Science

Now There's a Map of the Milky Way's "Galactic Atmosphere" 

Researchers at the University of Wisconsin-Madison have created the deepest, most comprehensive survey of the ionized hydrogen that permeates the Milky Way.

To create the map, the group used the Wisconsin H-Alpha Mapper (WHAM), an observatory based in Cerro Tololo, Chile that houses a massive X-ray and ultraviolet light spectrometer that can detect interstellar gas by measuring the light shining between stars. The main mission of WHAM is to figure out where energy produced from stars go?

The project has taken nearly ten years. The completed map is helping scientists understand how the Milky Way has evolved over time. The strip of ionized hydrogen in question is 75,000 light years in diameter and 6,000 light years thick, the entire size of the Milky Way plane. Scientists working on the project believe the strip might play a part in the galaxy’s direction and rotation.

“It’s kind of like a galactic atmosphere,” Matt Haffner, a senior scientist at UWM’s astronomy department and developer of WHAM, said in a news release.

This “atmosphere” plays a huge rule in the life cycle of stars: When stars die, the remaining gas and dust feeds right back into the strip to help form new stars.

A survey image of ionized hydrogen gas in the Milky Way, depicted in red.

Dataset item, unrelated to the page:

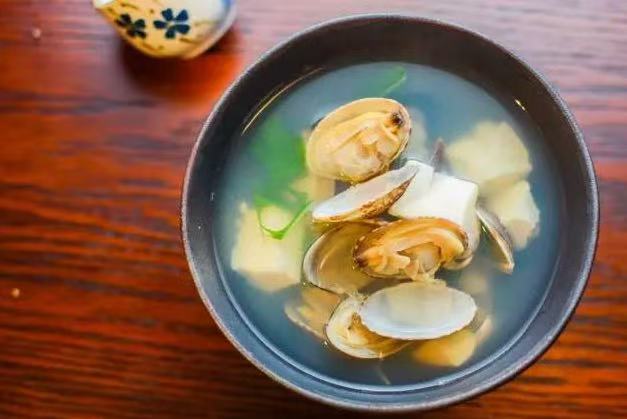 产后奶水不足是许多新妈妈面临的困扰？9道催乳月子餐请收好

WHAM/UW–Madison/Space Science Institute/National Science Foundation

What perplexed Haffner and his team most was how other stars could form thousands of light-years away from the plane. Their best guess is that other larger stars classified as O-types are so large and highly ionized that their emissions are enough to feed new star life throughout the galaxy. (O-type stars are about 15 to 90 times larger than the sun and typically form deep in the galaxy’s plane.) The group hopes this map and WHAM can help further inform other nearby galaxies like the Large and Small Magellanic Clouds.